Believe it or not, I used to be smart. Really smart. I used to write 150 page papers on the Depiction of the Tree of Knowledge of Good and Evil in the works of John Milton and William Blake. I took my entire Freshman year of college while attending my senior year of High School and never got anything below an A-. In fact, in my entire college career I only got one B. That was in Bowling. Which is embarrassing for so many reasons.
But, lest you think me braggadocios (can you tell I pulled that one out of my pre-baby brain archives?), let me make my point clear. I was book smart and a good studier and I had it all together. Once upon a time. But that was a veeeerrrrryyy long time ago.
I am thoroughly convinced I passed a significant portion of my brain to my oldest child. I think she absorbed what ever "smarts" I had. Because now, I'm not entirely convinced I even have a brain some days.
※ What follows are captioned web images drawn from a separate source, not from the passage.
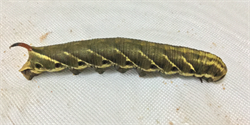 Photo 2. Sweet potato hornworm larva, Agrius convolvuli. Note colours range from green, brown to black.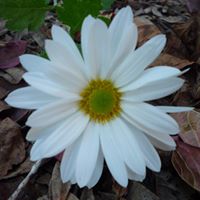 Martha Winters Photo 28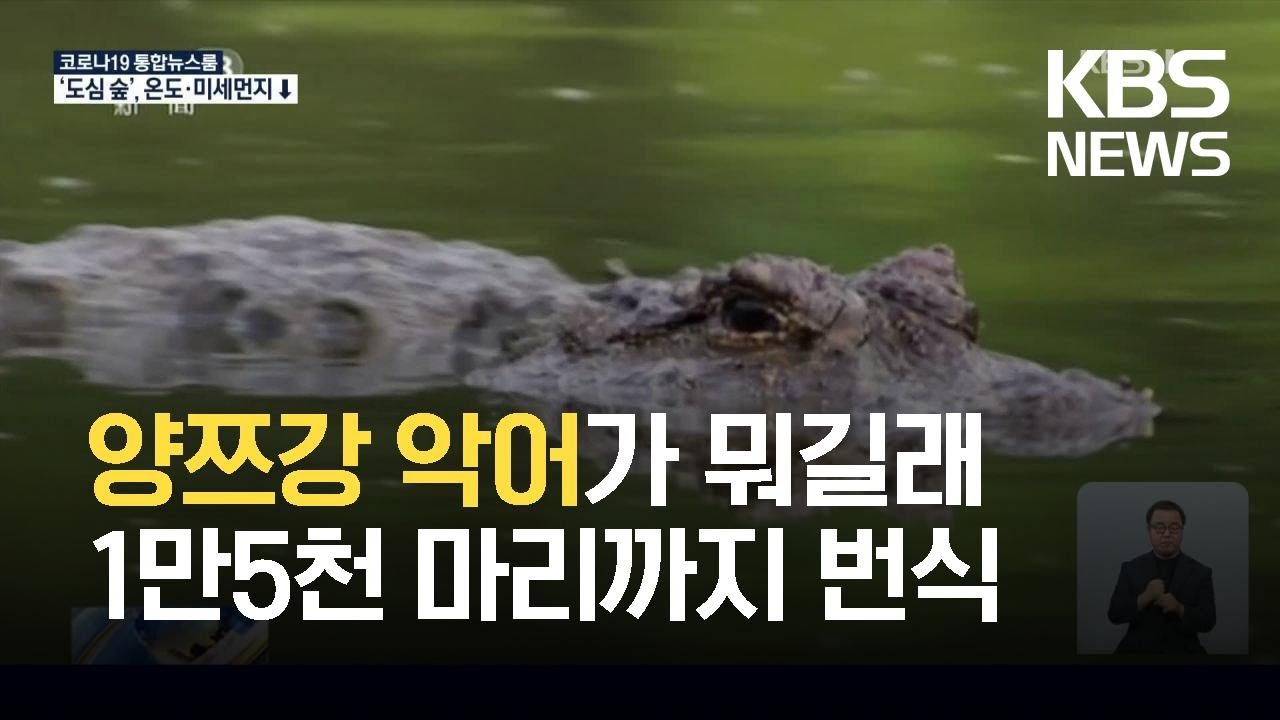 [글로벌K] 멸종위기종 양쯔강 악어, 개체 수 안정적 증가 / KBS 2021.07.22.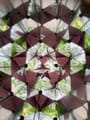 Nature Kaleidoscope thumbnail
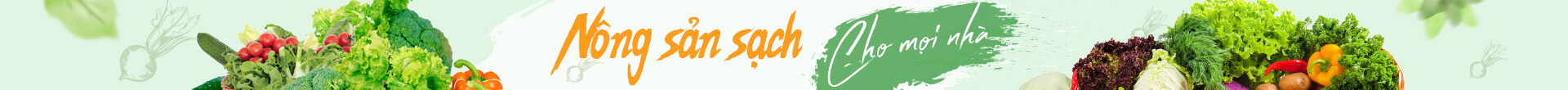 Banner header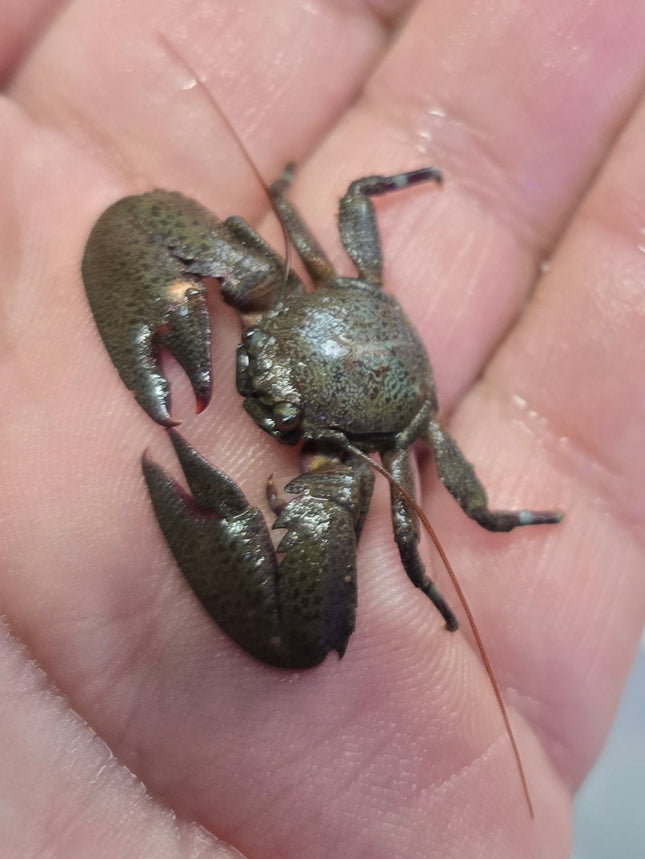 Petrolisthes sp. Purple claw porcelain crab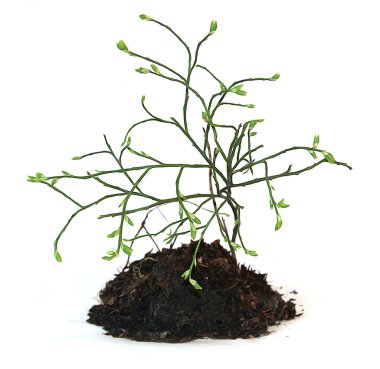 bir parça toprak ve kökleri f ile yağlı boya genç bush equisetum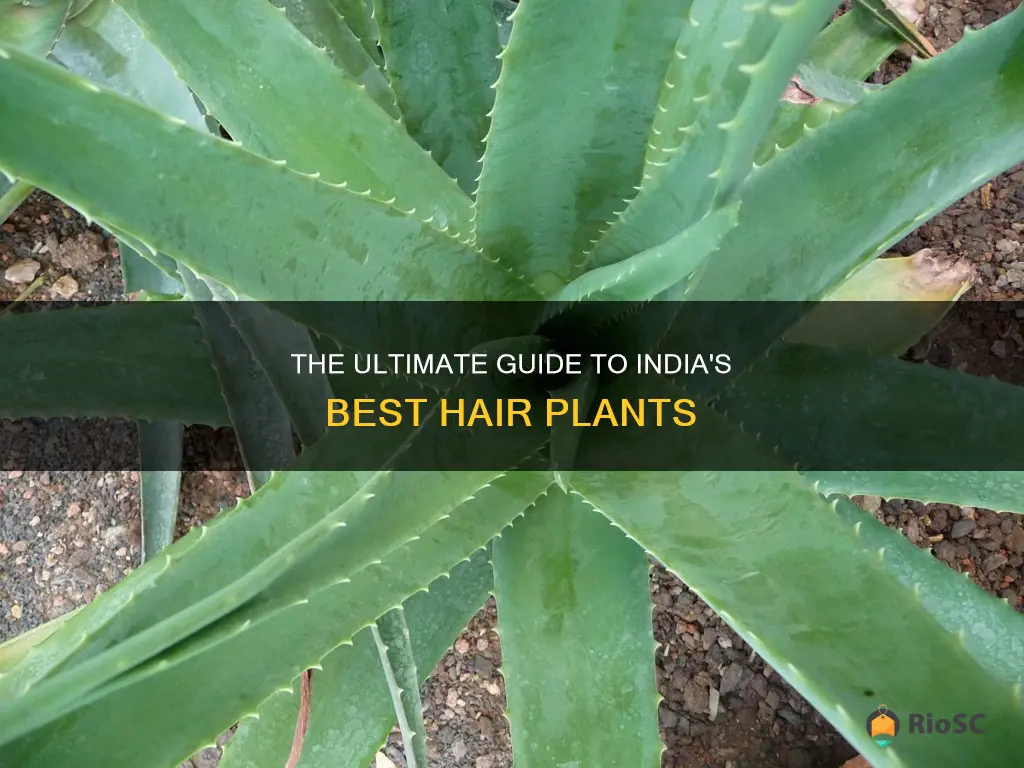 best hair plant in india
Now, I'm lucky to remember my kids' names on a regular basis. I have been known to completely forget about laundry sitting in the washer for so long that it has spoiled and I have had to wash it twice. Maybe even three times. I can't spell
I used to be smart and now I'm just...not. I'm kind of like a ditzy version of Lucille Ball. Which is a really scary statement to make. But, want another truth? I'm thinking I might actually like it that way. 'Cause now I have a well-developed sense of humor about myself. Something that I think is even more valuable to me at this point than a well-developed brain...
1 comment:
Oh how I can relate. English used to be my strength in college and high school and I can never remember where to put a comma and I misspell the easy words now.
My kids have been heard saying, "Mom! How can you mix up the names of your own KIDS!?"